In Arthrex, the Federal Circuit found the appointments of Administrative Patent Judges to be unconstitutional in the context of an inter partes review proceeding. In this case, VirnetX, the Federal Circuit likewise found their appointments to be unconstitutional in the context of an inter partes reeexamination.

In this order, the panel explained why it rejected the argument from the Director of the United States Patent and Trademark Office and Cisco Systems, Inc. in their petitions for panel rehearing. The Director and Cisco argued that the court erred in extending Arthrex beyond the context of inter partes reviews to this appeal from a decision of the Patent Trial and Appeal Board in an inter partes reexamination. Specifically, the Director and Cisco asserted that APJs should be deemed constitutionally appointed officers at least when it comes to their duties reviewing appeals of inter partes reexaminations.

In rejecting these arguments, the panel quoted Freytag v. Commissioner, 501 U.S. 868 (1991), for the point that, “'[i]f a special trial judge is an inferior officer for purposes of’ some responsibilities, then ‘he is an inferior officer within the meaning of the Appointments Clause, and he must be properly appointed.’” Moreover, the panel indicated that Freytag requires “’look[ing] not only to the authority exercised in [an appellant]’s case but to all of that appointee’s duties’ when assessing an Appointments Clause challenge.” And the panel noted that, “once appointed to the Board, the APJs’ duties include both conducting inter partes reviews and reviewing appeals of inter partes reexaminations.” As a result, the panel reasoned that, “if these APJs are unconstitutionally appointed principal officers because of their inter partes review duties in light of Arthrex, it would appear that under Freytag vacatur would be appropriate for all agency actions rendered by those APJs regardless of the specific type of review proceeding on appeal.”

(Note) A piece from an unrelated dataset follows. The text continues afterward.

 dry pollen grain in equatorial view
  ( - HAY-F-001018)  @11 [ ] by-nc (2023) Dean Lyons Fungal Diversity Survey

In other words, the panel indicated that APJs are likely unconstitutionally appointed with respect to every aspect of their work.

The panel’s order, however, noted that it “need not go so far” given that this case relates only to inter partes reexamination. It then noted relevant similarities between inter partes review and inter partes reexamination. It also rejected the Director’s and Cisco’s arguments, for example because they did not show the Director has “review authority or supervision over the APJs’ final decisions” in inter partes reexamination proceedings.